Se il primo grafico e le condizioni economico-finanziarie statunitensi, quelle reali, ci dicono che un taglio è assolutamente necessario, il secondo grafico ci direbbe il contrario.
Il terzo, poi, sembra addirittura gridare l’urgenza di una mossa, quantomeno psicologica e percettiva, della Fed, per fugare eventuali, ulteriori prezzature al ribasso della fornitura in divenire di liquidità globale in dollari. Pena, un tracollo dei mercati come gli scorsi ottobre e dicembre.
Ma, attenzione, con magnitudo ben maggiore, visto il carico di aspettative che la riunione del Fomc che si conclude oggi porta con sé, da almeno tre mesi a questa parte. E tutte quelle aspettative, come ci dicono i trend di mercato da marzo in poi, sono già state tutte prezzate: nei valori degli indici azionari, nei rendimenti obbligazionari sotto zero per 13,7 triliardi di dollari di controvalore, nel mantenimento dell’investment grade da parte di bond di fatto con rating “spazzatura”, nell’espansione continua dei multipli di utile per azione. E se la Fed, pur accompagnando la scelta da promesse stile Bce di un taglio subito a settembre, stasera deluderà il mercato e terrà i tassi fermi, cosa accadrà?

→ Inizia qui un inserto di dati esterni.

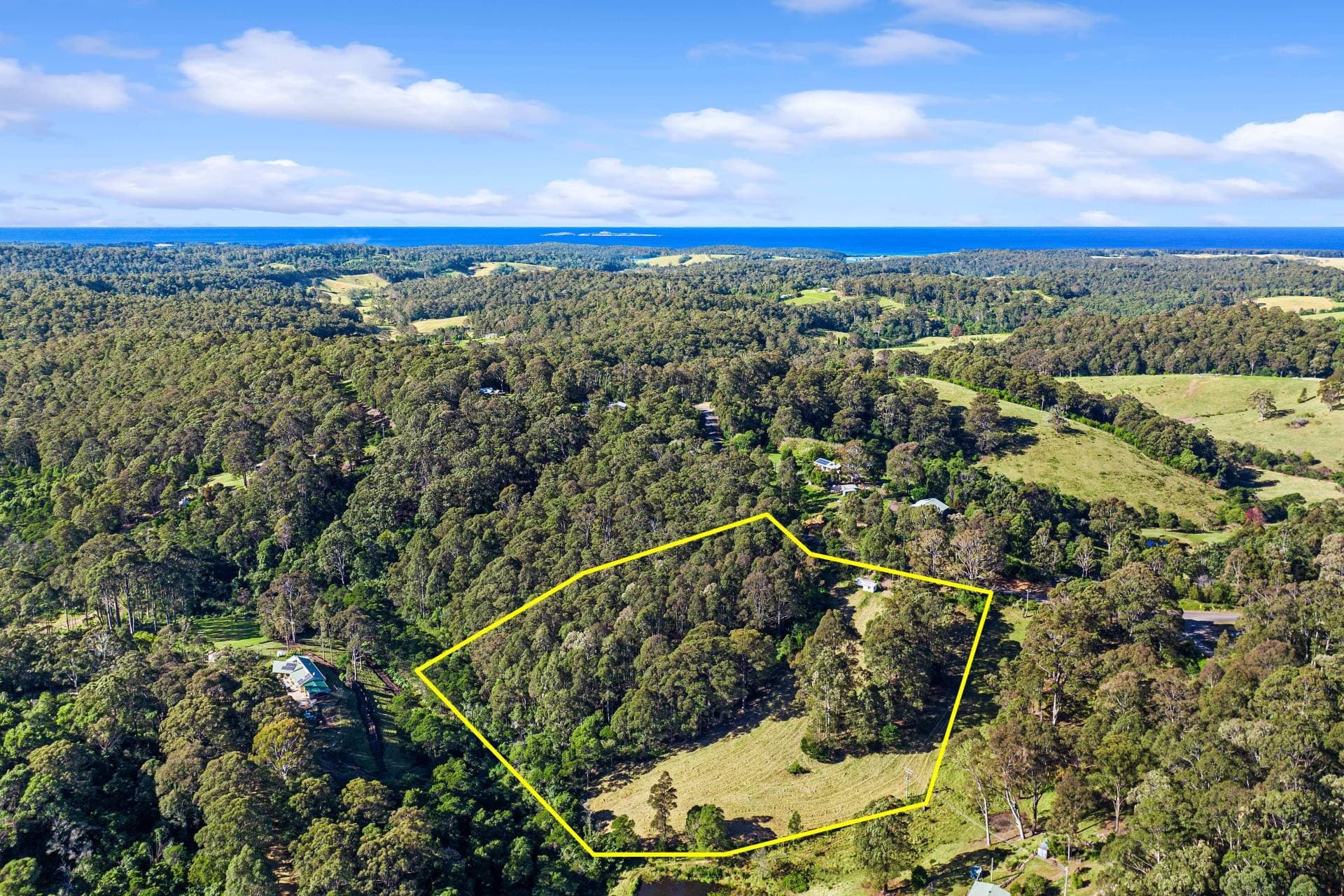 LOT 7 Ridge Rd, Central Tilba - Thumbnail 2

Bene, la nostra condizione attuale è questa: qualsiasi cosa la Federal Reserve farà, nella migliore delle ipotesi non sarà giudicata sufficiente dal mercato, nella peggiore ma non più peregrina accelererà soltanto l’aggravarsi della situazione. Ecco perché stasera potrebbe davvero essere il redde rationem, quello vero: perché anche la strategia risultata finora vincente, ovvero prendere tempo con gli annunci, creare aspettative per calciare il barattolo e vedere cosa accade, non è più utilizzabile. La sua efficacia è praticamente pari a zero, oramai. Il mercato, dopo la delusione della Bce, vuole i fatti dalla Fed. Vuole sì il proverbiale osso lanciato al cane, perché smetta di abbaiare, ma lo vuole con un po’ di carne attaccata. Altrimenti, magari smetterà comunque di abbaiare. Ma lo farà solo per cominciare a mordere.